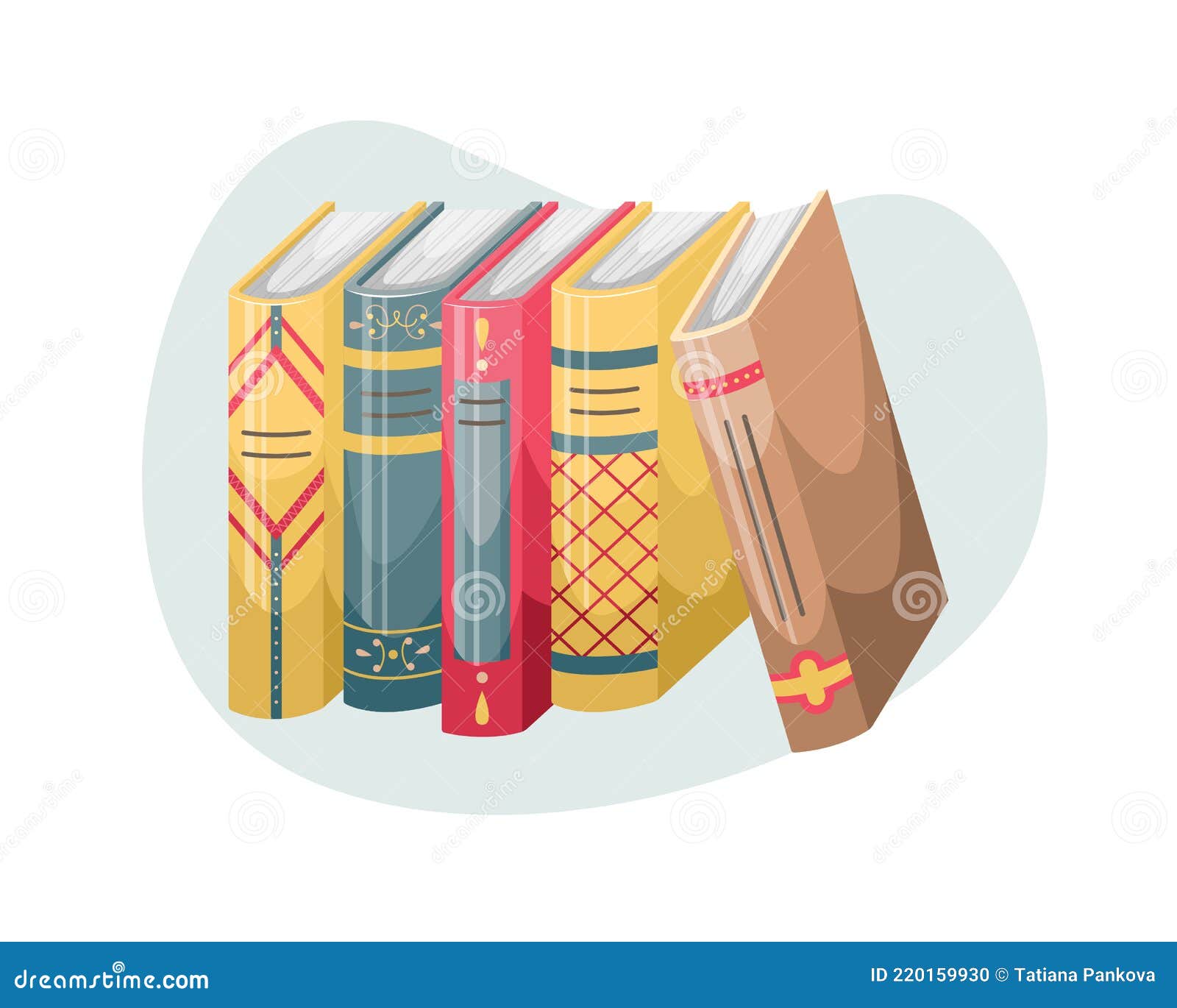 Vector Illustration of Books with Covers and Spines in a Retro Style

---

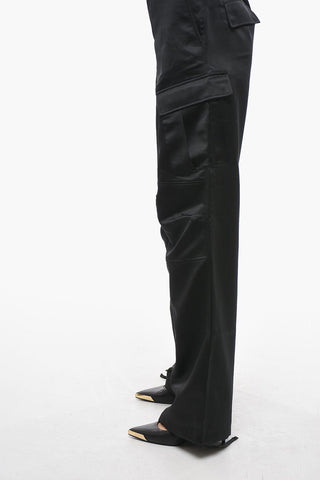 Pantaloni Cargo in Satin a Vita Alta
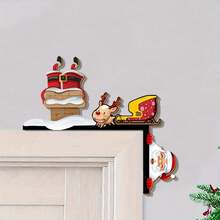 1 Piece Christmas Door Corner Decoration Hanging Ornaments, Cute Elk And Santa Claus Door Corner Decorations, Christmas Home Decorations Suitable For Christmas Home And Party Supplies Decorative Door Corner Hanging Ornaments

(Problem to work on) Take the material above from the line bearing "Pantaloni Cargo in Satin a Vita Alta" through the line bearing "1 Piece Christmas" and write it out exactly, both end lines included. Pictures stay out.

(Response to the task)
 Pantaloni Cargo in Satin a Vita Alta
 1 Piece Christmas Door Corner Decoration Hanging Ornaments, Cute Elk And Santa Claus Door Corner Decorations, Christmas Home Decorations Suitable For Christmas Home And Party Supplies Decorative Door Corner Hanging Ornaments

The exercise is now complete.